Num desses dias à tarde, fui visitar os estudantes que ocupam a reitoria da Ufpi desde o mês de outubro. Eles lutam contra a PEC 241 (que no Senado passa a ser a 55), Proposta de Emenda à Constituição que reduz as verbas para a educação, e a Reforma do Ensino Médio, que retira disciplinas fundamentais na formação acadêmica da garotada, tais como Filosofia, Sociologia, Artes e Educação Física. Ao contrário dos que afirmam que esses jovens não sabem de nada, tese preconceituosa e absurda, a garotada demonstra, pelo que constatei lá, no campus de Teresina, saber mais de seus interesses e demandas do que nossos governantes e representantes parlamentares em Brasília. A fala da estudante Ana Júlia, na Assembleia Legislativa do Paraná, que repercutiu dentro e fora do Brasil, é um inequívoco exemplo dessa consciência política.

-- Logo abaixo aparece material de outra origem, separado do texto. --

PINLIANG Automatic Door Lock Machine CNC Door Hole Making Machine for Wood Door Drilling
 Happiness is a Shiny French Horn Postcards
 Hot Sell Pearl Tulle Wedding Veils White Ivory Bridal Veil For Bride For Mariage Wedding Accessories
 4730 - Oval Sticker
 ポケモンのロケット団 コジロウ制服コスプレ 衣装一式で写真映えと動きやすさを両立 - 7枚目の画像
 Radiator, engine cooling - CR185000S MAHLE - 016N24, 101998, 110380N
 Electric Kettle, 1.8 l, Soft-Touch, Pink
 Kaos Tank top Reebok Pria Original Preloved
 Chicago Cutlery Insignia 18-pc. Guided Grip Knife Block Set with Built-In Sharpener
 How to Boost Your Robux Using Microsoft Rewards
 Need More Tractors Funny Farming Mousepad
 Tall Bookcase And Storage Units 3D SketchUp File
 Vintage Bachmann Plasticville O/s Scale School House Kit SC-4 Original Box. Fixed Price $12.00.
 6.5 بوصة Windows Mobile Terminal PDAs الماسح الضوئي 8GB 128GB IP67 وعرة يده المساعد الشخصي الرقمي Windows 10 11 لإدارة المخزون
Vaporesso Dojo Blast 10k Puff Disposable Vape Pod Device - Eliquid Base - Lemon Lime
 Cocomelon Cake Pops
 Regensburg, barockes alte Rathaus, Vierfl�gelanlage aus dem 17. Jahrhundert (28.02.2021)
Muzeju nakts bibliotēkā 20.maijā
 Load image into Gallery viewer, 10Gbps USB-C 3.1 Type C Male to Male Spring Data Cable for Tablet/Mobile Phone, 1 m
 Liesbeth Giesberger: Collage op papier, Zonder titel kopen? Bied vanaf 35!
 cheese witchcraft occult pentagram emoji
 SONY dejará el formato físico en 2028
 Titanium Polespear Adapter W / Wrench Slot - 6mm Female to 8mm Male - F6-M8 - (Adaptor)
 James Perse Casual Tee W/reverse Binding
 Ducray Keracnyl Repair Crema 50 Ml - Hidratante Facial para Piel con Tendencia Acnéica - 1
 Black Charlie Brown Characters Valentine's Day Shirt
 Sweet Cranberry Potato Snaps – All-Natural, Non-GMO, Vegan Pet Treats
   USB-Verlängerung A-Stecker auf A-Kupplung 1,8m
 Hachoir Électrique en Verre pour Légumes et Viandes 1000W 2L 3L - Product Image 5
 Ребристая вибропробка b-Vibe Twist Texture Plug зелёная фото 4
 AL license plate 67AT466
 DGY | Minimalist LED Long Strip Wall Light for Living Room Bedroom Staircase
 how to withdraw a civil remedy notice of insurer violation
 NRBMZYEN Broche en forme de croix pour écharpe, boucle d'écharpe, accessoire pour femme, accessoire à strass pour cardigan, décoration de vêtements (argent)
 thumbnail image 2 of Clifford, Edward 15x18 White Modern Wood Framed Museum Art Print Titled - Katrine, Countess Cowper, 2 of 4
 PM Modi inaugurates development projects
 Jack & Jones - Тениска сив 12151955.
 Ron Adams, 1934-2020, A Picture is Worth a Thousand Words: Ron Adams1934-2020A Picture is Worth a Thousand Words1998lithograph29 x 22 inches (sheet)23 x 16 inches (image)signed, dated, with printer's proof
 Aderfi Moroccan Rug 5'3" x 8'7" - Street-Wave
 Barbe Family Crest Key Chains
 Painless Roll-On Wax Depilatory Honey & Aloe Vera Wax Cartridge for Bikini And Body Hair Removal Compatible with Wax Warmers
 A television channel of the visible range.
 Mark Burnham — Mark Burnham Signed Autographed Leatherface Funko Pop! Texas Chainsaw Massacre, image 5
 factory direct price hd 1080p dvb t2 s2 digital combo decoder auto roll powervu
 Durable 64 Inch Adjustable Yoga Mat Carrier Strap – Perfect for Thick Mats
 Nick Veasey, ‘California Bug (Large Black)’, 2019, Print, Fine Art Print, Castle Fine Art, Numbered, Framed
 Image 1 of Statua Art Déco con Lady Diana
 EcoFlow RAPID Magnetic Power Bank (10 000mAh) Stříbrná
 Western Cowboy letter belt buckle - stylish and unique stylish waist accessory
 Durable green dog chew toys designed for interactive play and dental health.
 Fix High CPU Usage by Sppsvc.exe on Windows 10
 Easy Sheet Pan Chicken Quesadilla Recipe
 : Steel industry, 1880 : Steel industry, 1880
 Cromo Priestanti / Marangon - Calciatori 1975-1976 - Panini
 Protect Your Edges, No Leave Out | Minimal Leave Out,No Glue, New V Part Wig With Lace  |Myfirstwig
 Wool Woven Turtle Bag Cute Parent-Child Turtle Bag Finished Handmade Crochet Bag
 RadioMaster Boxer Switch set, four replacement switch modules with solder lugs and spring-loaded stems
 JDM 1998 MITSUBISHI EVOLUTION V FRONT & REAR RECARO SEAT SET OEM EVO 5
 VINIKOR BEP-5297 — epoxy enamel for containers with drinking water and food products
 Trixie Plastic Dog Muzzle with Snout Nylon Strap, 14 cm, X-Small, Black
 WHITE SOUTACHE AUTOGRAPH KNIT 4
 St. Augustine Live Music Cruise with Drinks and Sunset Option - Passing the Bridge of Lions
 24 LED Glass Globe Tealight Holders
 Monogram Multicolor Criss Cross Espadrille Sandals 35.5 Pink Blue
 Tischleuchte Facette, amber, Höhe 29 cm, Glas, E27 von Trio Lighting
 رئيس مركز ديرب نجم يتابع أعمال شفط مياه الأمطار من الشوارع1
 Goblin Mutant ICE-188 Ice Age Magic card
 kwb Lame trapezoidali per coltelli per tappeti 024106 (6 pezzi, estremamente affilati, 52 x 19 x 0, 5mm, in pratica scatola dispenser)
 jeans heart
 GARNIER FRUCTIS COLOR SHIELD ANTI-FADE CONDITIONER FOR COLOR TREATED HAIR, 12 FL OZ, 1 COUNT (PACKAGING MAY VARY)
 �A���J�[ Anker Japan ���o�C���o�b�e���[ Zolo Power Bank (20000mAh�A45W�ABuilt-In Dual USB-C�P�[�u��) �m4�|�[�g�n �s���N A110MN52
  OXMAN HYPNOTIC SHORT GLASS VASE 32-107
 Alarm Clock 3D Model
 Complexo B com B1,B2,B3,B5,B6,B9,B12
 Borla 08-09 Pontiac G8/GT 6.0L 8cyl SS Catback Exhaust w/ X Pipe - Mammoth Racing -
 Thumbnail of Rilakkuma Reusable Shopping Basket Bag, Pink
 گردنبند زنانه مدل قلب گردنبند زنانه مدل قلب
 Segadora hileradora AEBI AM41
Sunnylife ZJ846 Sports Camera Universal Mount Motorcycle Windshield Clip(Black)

Como professor e ex-líder estudantil, não poderia deixar de levá-los minha solidariedade neste momento em que as conquistas educacionais dos últimos anos estão severamente ameaçadas. Onde se viu cortar recursos e abolir matérias essenciais em área tão estratégica para o desenvolvimento do Brasil? E o que é mais lamentável, sem uma ampla e democrática discussão com os verdadeiros protagonistas desse setor: alunos, professores e pais. Na década de 80 do século passado, minha geração ousou lutar também contra os que insistiam em sucatear, a fim de privatizar, a educação pública nacional, uma vez que as elites da época diziam, como dizem agora, que “universidade é para quem pode pagar”. Enquanto muitos não acreditavam, fomos à luta e garantimos muitas vitórias: concurso para professores e funcionários (acabando de vez com as indicações políticas), casas universitárias, bibliotecas e laboratórios de qualidade, transporte decente, eleição direta para reitor e chefes de departamentos e o restaurante universitário (RU) servindo boas refeições.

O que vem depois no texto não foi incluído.